Son iki yazımızın konusunu Yeşilay’a ayırdıktan, ve iyi de ettikten sonra… Sen şimdi nasıl, kalkıp ta; 70’li yılların bütün meyhanelerinin, bütün birahanelerinin, çoğu otobüs ve minibüslerinin bütün kapı ve bütün pencerelerinden sokaklara dökülen Esengül’e övgüler yağdırırsın?.. Ne derler adama?!.
Ama biliyor musunuz, insan eski oltalarla çok daha kolay avlanıyor; hele ki ağzı açık dolaşsın!
Askerde, bir akşamüzeri, yemekhane önüne oturmuş, fırlatılan mektuplarımızı kapmaya çalışıyorduk. Bizim çocuklardan biri aniden ağlamaya başladı…
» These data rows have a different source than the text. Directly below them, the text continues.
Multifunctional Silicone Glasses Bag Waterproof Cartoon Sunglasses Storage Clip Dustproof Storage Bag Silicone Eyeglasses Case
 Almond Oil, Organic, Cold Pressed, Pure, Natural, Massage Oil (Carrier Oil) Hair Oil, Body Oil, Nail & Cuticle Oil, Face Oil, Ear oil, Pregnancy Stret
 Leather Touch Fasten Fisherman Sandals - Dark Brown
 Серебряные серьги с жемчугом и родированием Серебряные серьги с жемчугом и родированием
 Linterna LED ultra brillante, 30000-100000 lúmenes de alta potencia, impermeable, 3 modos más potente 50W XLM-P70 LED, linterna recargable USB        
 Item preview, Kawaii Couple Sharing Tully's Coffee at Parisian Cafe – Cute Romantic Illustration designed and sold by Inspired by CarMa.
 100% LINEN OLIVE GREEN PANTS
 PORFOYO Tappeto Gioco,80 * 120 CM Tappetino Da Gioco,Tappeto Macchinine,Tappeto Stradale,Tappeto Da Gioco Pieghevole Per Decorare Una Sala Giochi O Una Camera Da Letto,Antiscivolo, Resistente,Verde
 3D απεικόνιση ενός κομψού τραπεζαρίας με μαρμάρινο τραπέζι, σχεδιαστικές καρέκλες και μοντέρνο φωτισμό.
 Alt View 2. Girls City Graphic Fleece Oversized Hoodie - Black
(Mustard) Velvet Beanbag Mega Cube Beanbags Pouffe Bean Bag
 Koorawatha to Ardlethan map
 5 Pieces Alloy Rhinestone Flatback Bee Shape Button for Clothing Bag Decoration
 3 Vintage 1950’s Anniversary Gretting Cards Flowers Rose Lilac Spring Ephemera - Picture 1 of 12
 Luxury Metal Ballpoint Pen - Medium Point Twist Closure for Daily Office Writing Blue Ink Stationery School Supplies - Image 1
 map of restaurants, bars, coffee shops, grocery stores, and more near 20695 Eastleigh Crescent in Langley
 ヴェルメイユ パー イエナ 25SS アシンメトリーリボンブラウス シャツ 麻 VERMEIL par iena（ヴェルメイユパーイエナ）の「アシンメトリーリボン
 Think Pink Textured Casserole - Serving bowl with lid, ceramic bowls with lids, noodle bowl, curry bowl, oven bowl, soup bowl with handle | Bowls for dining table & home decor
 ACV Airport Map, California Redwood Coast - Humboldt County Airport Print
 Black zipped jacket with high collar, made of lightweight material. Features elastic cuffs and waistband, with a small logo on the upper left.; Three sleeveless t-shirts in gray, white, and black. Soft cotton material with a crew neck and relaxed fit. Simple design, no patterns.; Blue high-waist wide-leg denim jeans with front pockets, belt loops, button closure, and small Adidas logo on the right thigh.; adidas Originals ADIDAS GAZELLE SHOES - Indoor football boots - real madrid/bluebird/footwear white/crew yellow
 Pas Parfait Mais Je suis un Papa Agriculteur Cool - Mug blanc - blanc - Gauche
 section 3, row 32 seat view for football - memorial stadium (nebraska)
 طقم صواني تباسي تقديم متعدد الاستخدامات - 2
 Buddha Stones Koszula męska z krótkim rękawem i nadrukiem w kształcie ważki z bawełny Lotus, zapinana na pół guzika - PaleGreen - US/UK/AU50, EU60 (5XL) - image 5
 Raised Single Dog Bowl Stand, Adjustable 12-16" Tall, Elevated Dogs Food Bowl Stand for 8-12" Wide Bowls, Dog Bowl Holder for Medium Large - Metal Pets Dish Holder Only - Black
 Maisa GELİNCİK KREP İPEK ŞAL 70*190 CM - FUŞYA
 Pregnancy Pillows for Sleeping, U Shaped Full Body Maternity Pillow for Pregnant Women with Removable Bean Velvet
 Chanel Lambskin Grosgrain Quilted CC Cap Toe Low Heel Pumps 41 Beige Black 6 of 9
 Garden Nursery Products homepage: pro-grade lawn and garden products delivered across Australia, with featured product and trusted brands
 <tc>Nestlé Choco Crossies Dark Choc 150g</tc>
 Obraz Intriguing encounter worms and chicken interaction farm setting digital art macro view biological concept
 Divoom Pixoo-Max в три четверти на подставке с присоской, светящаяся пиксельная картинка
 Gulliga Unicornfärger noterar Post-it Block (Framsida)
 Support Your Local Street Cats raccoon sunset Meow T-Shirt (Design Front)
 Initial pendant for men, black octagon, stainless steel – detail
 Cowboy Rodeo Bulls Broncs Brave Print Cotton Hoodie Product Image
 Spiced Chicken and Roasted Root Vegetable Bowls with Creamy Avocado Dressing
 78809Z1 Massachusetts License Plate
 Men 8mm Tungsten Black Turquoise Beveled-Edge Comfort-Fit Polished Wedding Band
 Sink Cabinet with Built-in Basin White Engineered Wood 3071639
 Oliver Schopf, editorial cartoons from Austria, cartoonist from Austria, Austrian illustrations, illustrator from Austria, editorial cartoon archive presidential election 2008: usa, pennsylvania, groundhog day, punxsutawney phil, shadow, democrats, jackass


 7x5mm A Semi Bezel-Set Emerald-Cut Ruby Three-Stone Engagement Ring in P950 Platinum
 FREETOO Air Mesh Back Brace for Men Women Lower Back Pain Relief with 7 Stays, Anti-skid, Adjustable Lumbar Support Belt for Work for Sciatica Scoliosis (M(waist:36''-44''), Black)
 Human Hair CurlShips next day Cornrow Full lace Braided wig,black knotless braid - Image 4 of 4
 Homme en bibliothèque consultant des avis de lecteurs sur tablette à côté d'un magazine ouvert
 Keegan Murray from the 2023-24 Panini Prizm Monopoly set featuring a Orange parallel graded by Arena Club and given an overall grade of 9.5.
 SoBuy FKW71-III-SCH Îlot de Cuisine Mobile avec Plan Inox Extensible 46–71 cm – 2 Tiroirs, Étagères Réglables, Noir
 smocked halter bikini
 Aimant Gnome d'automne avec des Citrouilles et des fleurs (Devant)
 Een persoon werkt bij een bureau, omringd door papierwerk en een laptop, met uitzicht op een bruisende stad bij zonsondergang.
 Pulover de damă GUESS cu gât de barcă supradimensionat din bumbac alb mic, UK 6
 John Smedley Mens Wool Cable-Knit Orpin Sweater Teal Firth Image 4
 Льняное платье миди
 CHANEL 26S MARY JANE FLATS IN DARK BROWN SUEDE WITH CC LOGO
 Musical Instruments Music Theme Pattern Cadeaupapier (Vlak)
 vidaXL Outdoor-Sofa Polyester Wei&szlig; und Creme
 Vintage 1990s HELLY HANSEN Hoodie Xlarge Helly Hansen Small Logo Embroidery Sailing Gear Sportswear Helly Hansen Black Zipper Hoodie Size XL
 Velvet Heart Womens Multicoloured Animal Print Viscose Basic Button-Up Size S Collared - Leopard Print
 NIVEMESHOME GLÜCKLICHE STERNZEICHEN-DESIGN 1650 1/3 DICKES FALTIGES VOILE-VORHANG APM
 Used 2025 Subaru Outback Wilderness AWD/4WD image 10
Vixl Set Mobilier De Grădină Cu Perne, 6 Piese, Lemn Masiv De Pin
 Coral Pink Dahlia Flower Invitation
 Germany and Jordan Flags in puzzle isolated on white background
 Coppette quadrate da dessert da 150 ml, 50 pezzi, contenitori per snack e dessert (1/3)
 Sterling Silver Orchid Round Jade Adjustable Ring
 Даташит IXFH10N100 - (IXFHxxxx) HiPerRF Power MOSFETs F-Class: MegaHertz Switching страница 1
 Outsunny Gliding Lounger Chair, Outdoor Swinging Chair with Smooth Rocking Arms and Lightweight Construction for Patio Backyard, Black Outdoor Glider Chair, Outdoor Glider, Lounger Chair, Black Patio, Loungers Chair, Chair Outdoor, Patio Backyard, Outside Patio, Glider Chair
“Yahu dur, n’oldu, nen var?” filan dedik. Önce konuşamıyordu bile çocuk. Ama sonra; “Sarıkız ölmüş” dedi…
O zaman bölükte herkes aşık. Yavuklusu olmayan bile öylesine gördüğü birini takmış kafaya; oflayıp pofluyor… “Sarıkız da kimin nesi” diye soramadık gayri… Güç vermek için sırtına vurduk, baş sağlığı diledik, sigara uzattık… Sonra da öğrendik ki, meğer anasının ineğiymiş Sarıkız!
“- Len, oğlum; satmışım sarı kızı bee, işin mi yok senin… Bu mektup gelinceye kadar çoktan yiyip bitirmişlerdir zaten ineği!.. Sil gözünün yaşını, hadi yemeğe gidelim, dedik. Fakat yemek bile yiyemedi çocuk günlerce, iyi mi?
Çoğu da bir koku duyar, ve; “bu köyümün kokusu”, derdi… Bir ziyaretçisi gelse; ne dediğine, ne getirdiğine bakmaz; kendi köyüne bakmış olan gözlerine, köyünün yollarında yürümüş ayaklarına filan bakardı… Bu bir ilginç duygu yani…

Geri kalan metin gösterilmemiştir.